─── INFORMATION ───

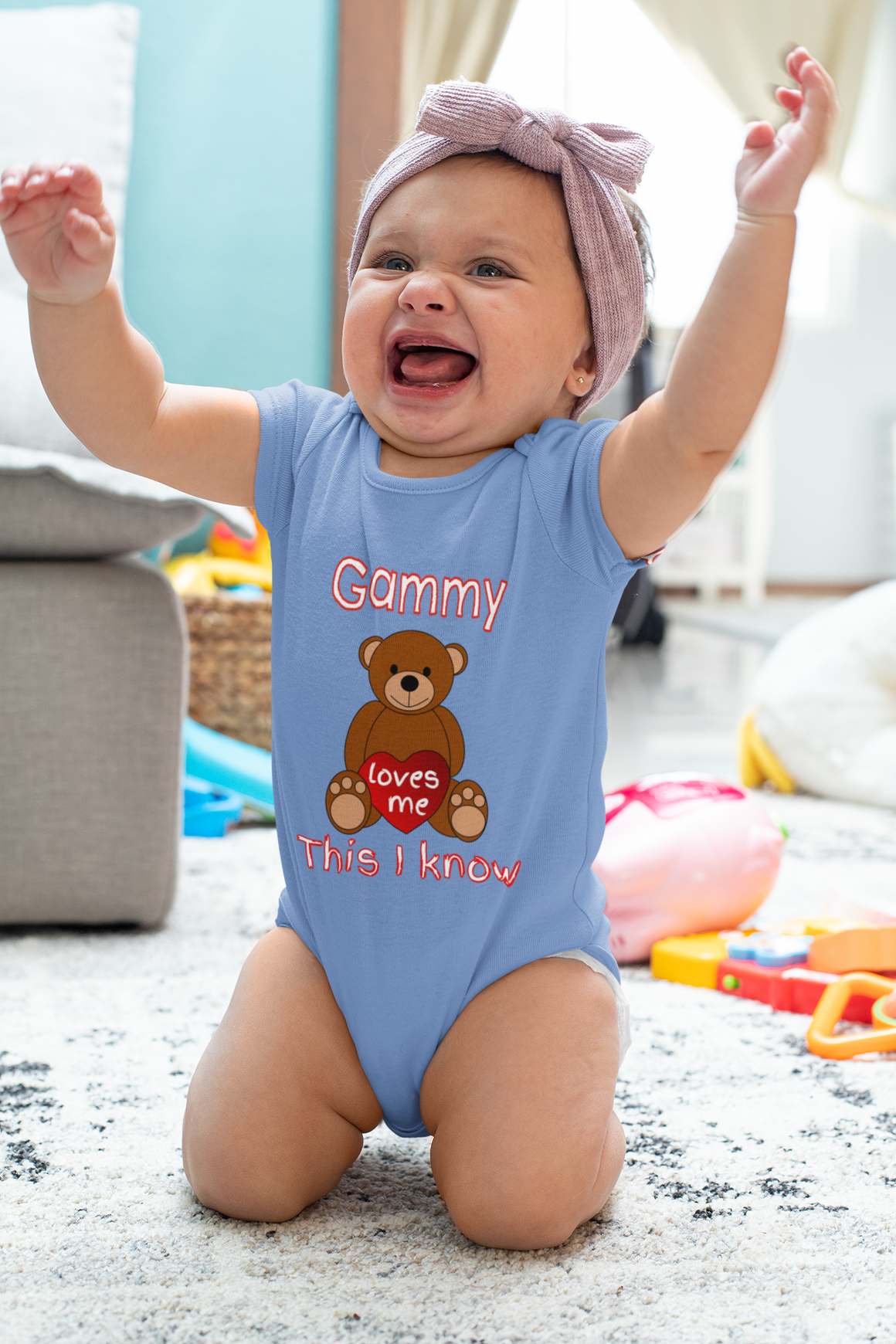 A smiling baby girl wearing a blue onesie with a teddy bear graphic and the text "Gamy loves me This I know" is sitting on the floor with her arms raised.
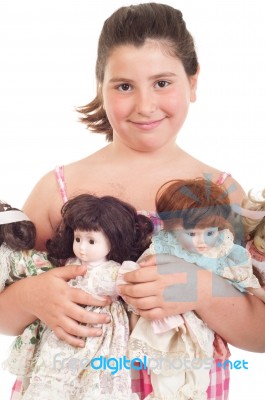 Little Girl With Dolls Stock Photo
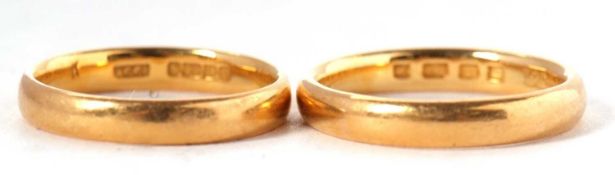 Two 22ct wedding bands: one hallmarked London 1928, size K, 4.1g, together with another hallmarked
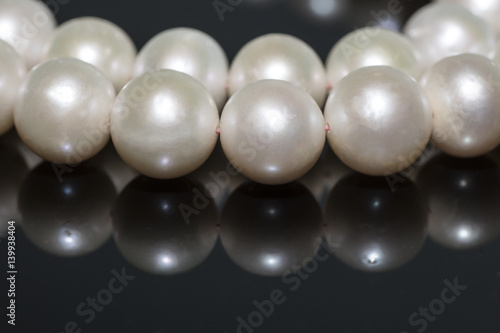 Pearl necklace on a dark background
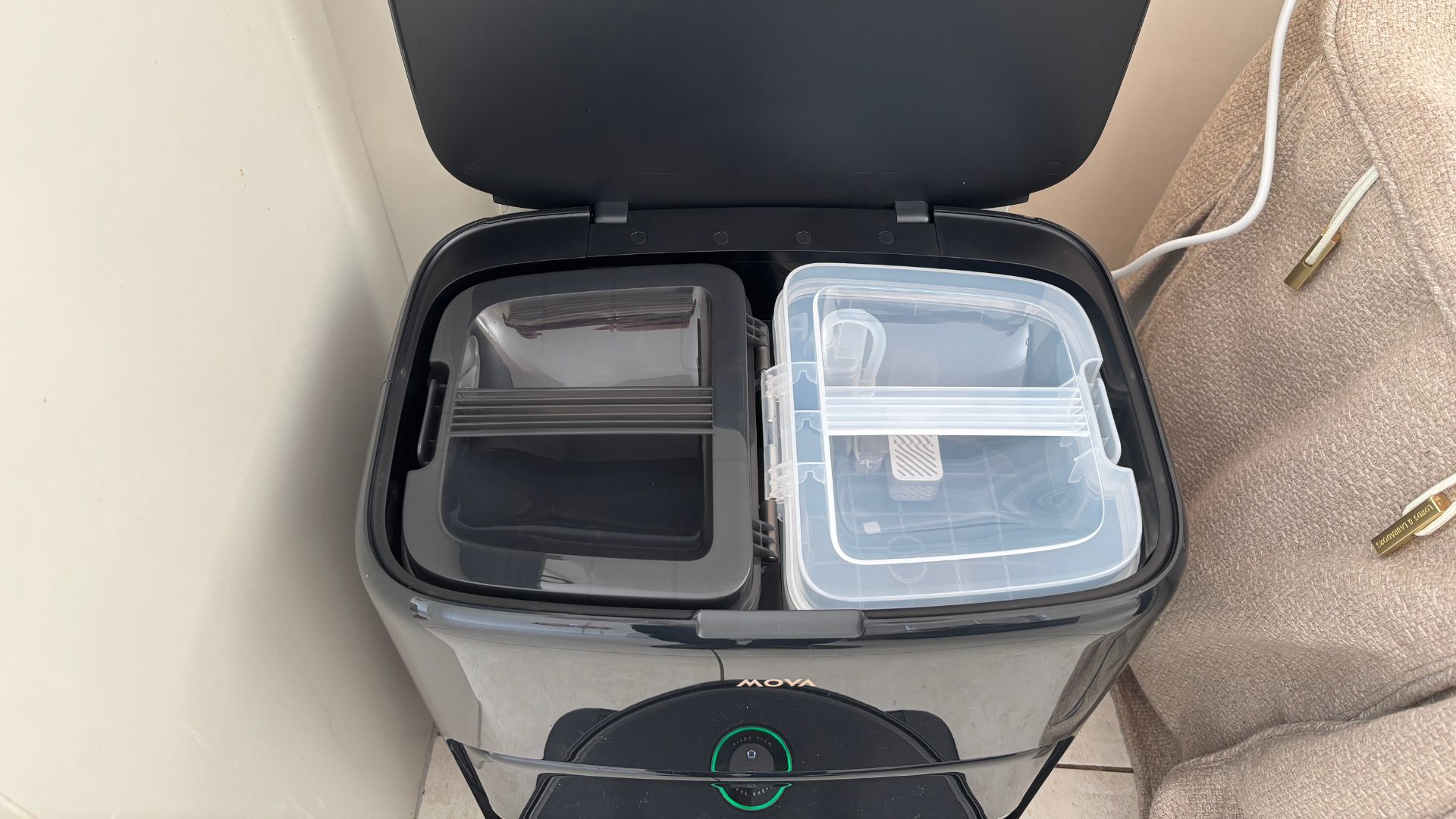 MOVA Z60 Ultra Roller Complete Robot Vacuum working on wooden floors in Carly's home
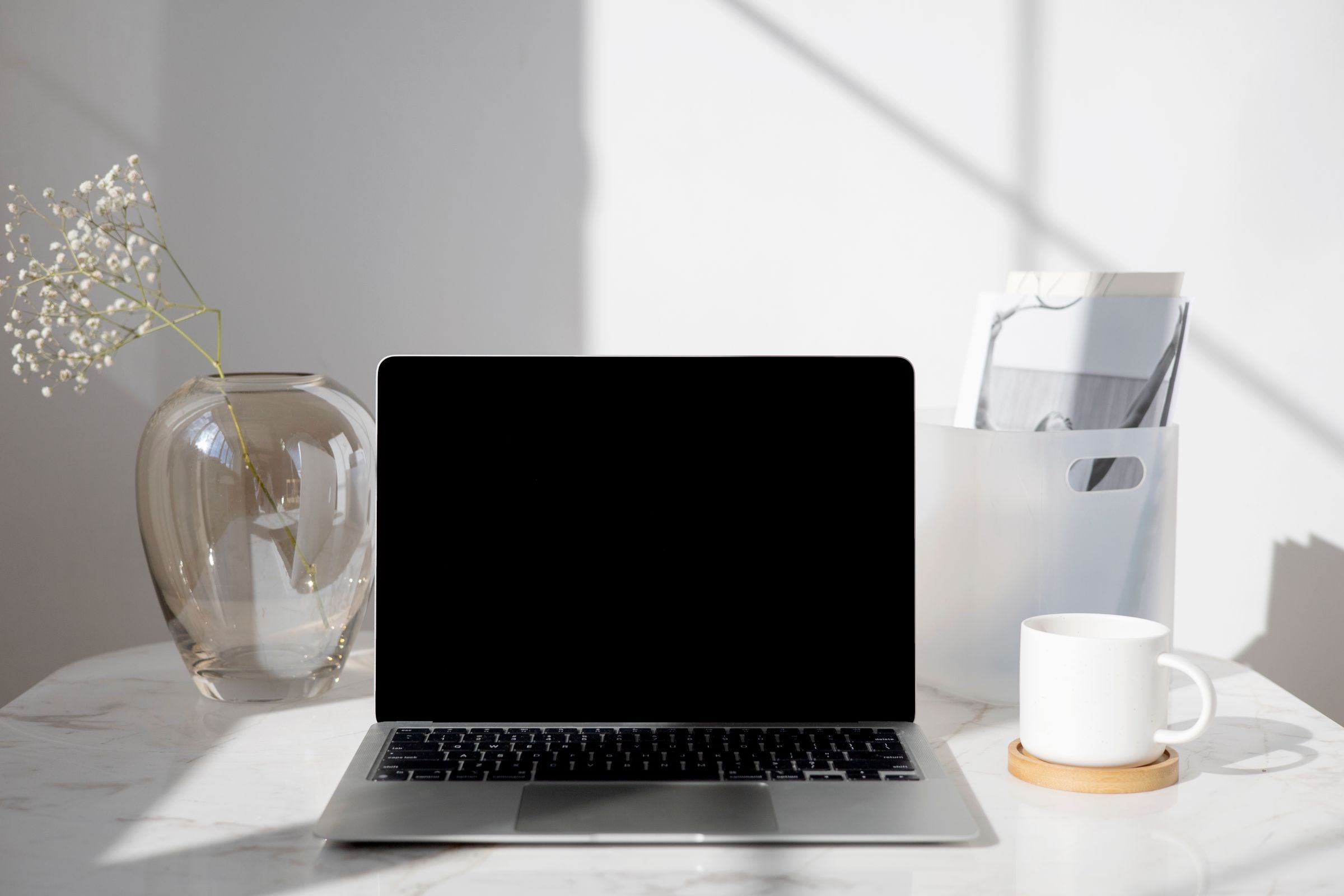A clean, modern desk with a laptop and a coffee cup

───

Could you write out the whole listing exactly, dropping the pictures?

 A smiling baby girl wearing a blue onesie with a teddy bear graphic and the text "Gamy loves me This I know" is sitting on the floor with her arms raised.
 Little Girl With Dolls Stock Photo
 Two 22ct wedding bands: one hallmarked London 1928, size K, 4.1g, together with another hallmarked
 Pearl necklace on a dark background
 MOVA Z60 Ultra Roller Complete Robot Vacuum working on wooden floors in Carly's home
A clean, modern desk with a laptop and a coffee cup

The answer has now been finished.